Рык и Полоз не торопились. Пока ватага готовила ужин, они медленно тянули из купца правду, с кровью тянули, с криками да стонами купеческими. Только у купца терпения много было: даже потеряв окончательно оба мизинца на руках, он продолжал тянуть свое о дочках да приданом, обещал все свои сбережения отдать, тайники выдать да записки долговые на многие тысячи золотых змеек господам-ватажникам передать.
И это было странно. Ведь не пытался Жмот деньги утаить, плакал, просил забрать, только не мучить. Жизни лишить просил, только не мучить и не заставлять оговаривать себя.
– Не нападал я на княжьего ребенка, не похищал княжну… да и как я мог на дитя малое, ей же три года всего… Три годочка! Я же своих доченек на руках баюкал, когда жена померла. Ночи не спал, пеленки сам менял… Как мог бы я на муки девочку отдавать… – купец замолчал вдруг, поняв, что про муки это он напрасно сказал, что про муки у него-то не спрашивали. И не знали ничего.
И тут он снова закричал – Рык и Полоз дело пыточное хорошо знали, не один упрямец через их руки прошел. Сколько их, терпеливых, клялись и божились, Сторожами клялись, огнем испепеляющим, а все равно рассказывали. Не на первый день, так на второй, не на второй, так на третий. Кто после пытки огнем, а кто руки лишившись или кожи с обеих ног.
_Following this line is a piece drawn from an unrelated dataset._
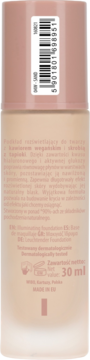 Tył matowej, jasnobeżowej butelki podkładu rozświetlającego 04W-SAND, z etykietą i kodem kreskowym 30 ml.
Но Жмот кричать-то кричал, но от слова своего не отходил.
Не похищал – и все тут. А про муки – обмолвился. Пожалел дочку княжескую да и представил себе страхи да муки… Вот и ляпнул. А так… Да если бы он знал, что это нянька. Если бы знал! А то ведь ему ее в мешке передали, сунули из саней в сани на самом выезде из посада.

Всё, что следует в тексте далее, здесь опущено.